Cans of albacore tuna from Fishing Vessel St. Jude. Copyright 2009 by Zachary D. Lyons.

In June 2000, King County Executive Ron Sims, at the request of farmer Michaele Blakely of Growing Things Farm and Chris Curtis of the Neighborhood Farmers Market Alliance on the King County Agriculture Commission, convened the King County Farmers Market Health Regulation Task Force. At its first meeting, County inspector Jim Thompson, who had participated in the 1999 workshop, presented what he thought was a regulatory solution to allow meat sales at King County markets by adapting language in the mobile meat sales code. His proposal was enacted with only minor revisions by the King County Board of Health in August 2001.

Goat shoulder steaks from Quilceda Farm. Photo copyright 2009 by Zachary D. Lyons.

Then, in late 2001, the first ever USDA inspected Mobile Slaughter Unit (MSU) came on line. Based in Bow, it was built by the Island Grown Farmers Cooperative using USDA grant funding in order to address the extraordinary stress put on both farmers and their animals when transporting animals from the San Juan Islands to processing facilities on the mainland. Consider that Washington had only five such facilities at the time in the entire state that would accept less than 50 animals for processing at one time, and the two in Western Washington were both significantly far south of Seattle. The MSU, by contrast, was designed to be able to travel from farm to farm, and to fit on ferries, so that farmers could humanely dispatch their animals right on the farm, reducing the stress on farmer and animal alike. And it offered the additional benefit of allowing farmers to compost byproducts from the process right on the farm, instead of it being added to feed and pet foods via rendering plants.

Fresh ducks from Stokesberry Sustainable Farm. Photo copyright 2010 by Zachary D. Lyons.

With the new King County code in place, and the MSU online, a revolutionary shift took place at King County farmers markets. Indeed, it changed the way all of us will look at farmers markets forever. The idea that farmers markets could offer more than just fruits and vegetables seemed unthinkable to many before 2001, and yet now, farmers markets are rife with all manner of farm products, from cheese and milk to grain and flour, from fermented foods to wine. Wine was not legal at farmers markets in Washington until 2003. The first grain products entered King County farmers markets in 2007. And yet it is hard to imagine our dear Ballard Farmers Market without these products today.

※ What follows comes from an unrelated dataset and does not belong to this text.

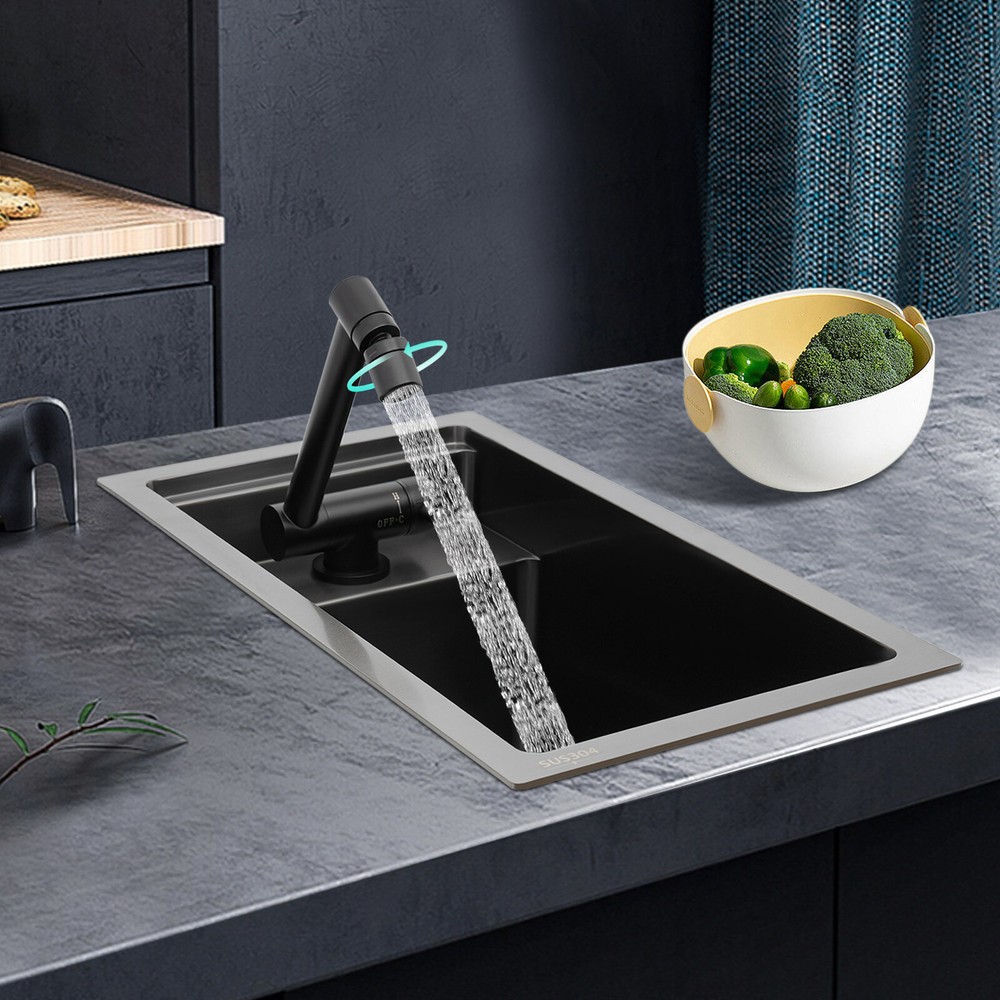 Single Bowl Hidden Drop-in Kitchen Sink with Folding Faucet Bar Design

Fresh whole keta salmon from Loki Fish. Photo copyright 2009 by Zachary D. Lyons.

Today, Washington has four MSUs, half of all those nationwide. Farms are investing in infrastructure for on-farm processing of all manner of poultry. Fishing vessels no longer must serve at the mercy of large canneries and low prices. And we get to benefit from the pride and care these passionate, hard-working people put into their products, giving us the highest quality meat, seafood and poultry most of us have ever eaten. And they have helped us grow our Ballard Farmers Market into the #1 farmers market in the state, around which an extraordinary food-centric neighborhood has blossomed, from one end of Ballard Avenue to the other.

Lamb rib roasts from Sea Breeze Farm. Photo copyright 2010 by Zachary D. Lyons.

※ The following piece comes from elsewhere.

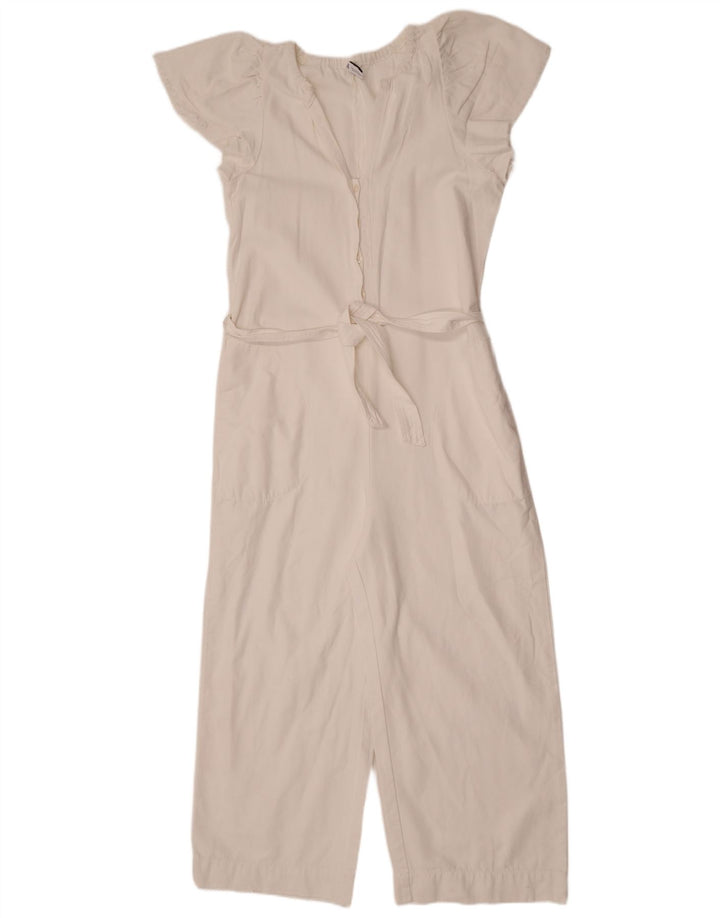 Zara Damen-Jumpsuit UK 12 Mittelweiße Baumwolle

So today, when you pickup your beloved local meat, seafood and poultry direct from the producer, think about that day back in February 1999, when in essence a sort of Lexington & Concord event took place in the local food movement — when a group of people told, instead of asking, the USDA and local regulators that we wanted local meat at our markets. Because the rest, as they say, is now history!

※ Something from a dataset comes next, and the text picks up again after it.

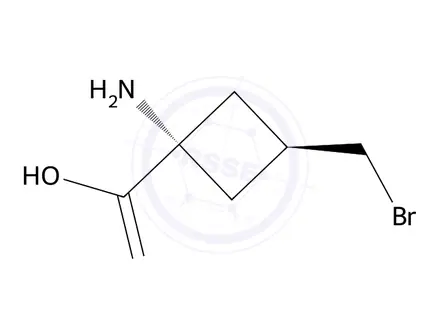 Chemical structure of trans-1-amino-3-(bromomethyl)cyclobutanecarboxylic acid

There is much more waiting for you at your Ballard Farmers Market today. Just check the What’s Fresh Now! listings in the upper right-hand corner of this page for a more complete accounting of what is in season right now. But please note that due to our recent cold weather, some crops may not be available as anticipated.

Sunday, December 12: Pork Bellies, Paprika, Lamb Skins, Smoked White King Salmon, All The Kale You Can Eat (for a price), Great Holiday Gifts & Miner’s Lettuce (really)!!!

December 11, 2010

A Mother's Day 2009 visit to Ballard Farmers Market from the entire family Vojkovich of Skagit River Ranch. Photo copyright 2009 by Zachary D. Lyons.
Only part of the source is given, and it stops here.